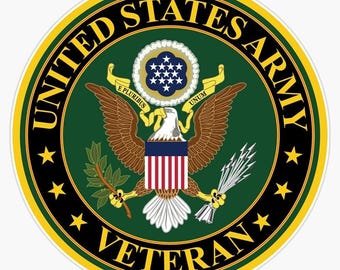 Sticker voor veteranen van het Amerikaanse leger, waterdichte vinylsticker van het Amerikaanse leger voor auto, vrachtwagen, raam, bumper, laptop, waterfles.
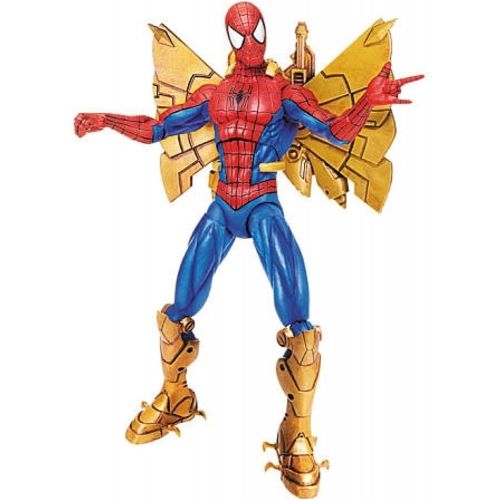 해즈브로 Hasbro Spider-Man Trilogy: Classic Heroes Spider-Man with Snap on Rocket Armor Action Figure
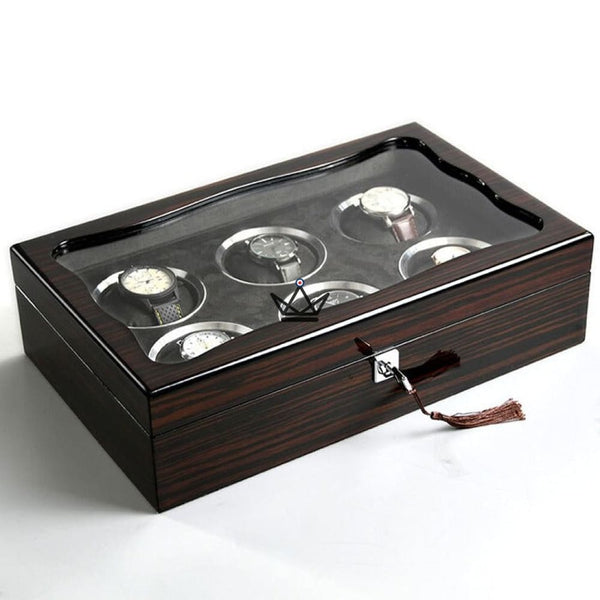 Coffret de rangement pour montre de luxe - Luxuria Temporum - - Remontoirs - Cadeau, Noël, Anniversaire, Original - Atelier Atypique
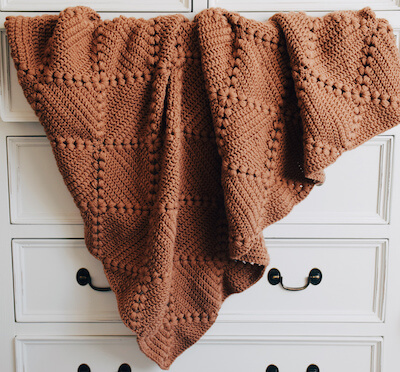 Farmhouse Granny Square Blanket Crochet Pattern by Lindsay Oncken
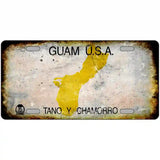 Guam Rusty Novelty Metal License Plate 24" x 12" (LLP)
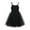 Black, variant on Pejock 9M-8 Years Kids Pageant Flower Girl Dress Little Girls Party Wedding Formal Dresses Toddler Kids Baby Girls Fashion Cute Solid Color Suspenders Mesh Princess Dress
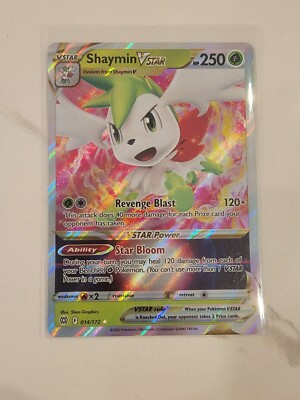 pokmon trading card games shaymin vstar premium collection 2022 Pokemon SWSH Brilliant Stars Secret #173 FA PSA 9 MINT If any of your Pokmon are in danger of being Knocked Out Pokemon TCG: Shaymin VSTAR Premium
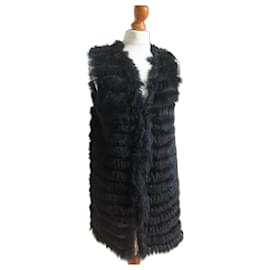 Angelia.L Langer Gilet aus echtem Pelz – Elegantes und zeitloses Stück - Autre Marque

> **What you have to do**: Pictures aside, reproduce exactly the lines from the one containing "Farmhouse Granny Square" to the end of the listing above, both ends included.

> **Expected answer**:
 Farmhouse Granny Square Blanket Crochet Pattern by Lindsay Oncken
 Guam Rusty Novelty Metal License Plate 24" x 12" (LLP)
 Black, variant on Pejock 9M-8 Years Kids Pageant Flower Girl Dress Little Girls Party Wedding Formal Dresses Toddler Kids Baby Girls Fashion Cute Solid Color Suspenders Mesh Princess Dress
 pokmon trading card games shaymin vstar premium collection 2022 Pokemon SWSH Brilliant Stars Secret #173 FA PSA 9 MINT If any of your Pokmon are in danger of being Knocked Out Pokemon TCG: Shaymin VSTAR Premium
 Angelia.L Langer Gilet aus echtem Pelz – Elegantes und zeitloses Stück - Autre Marque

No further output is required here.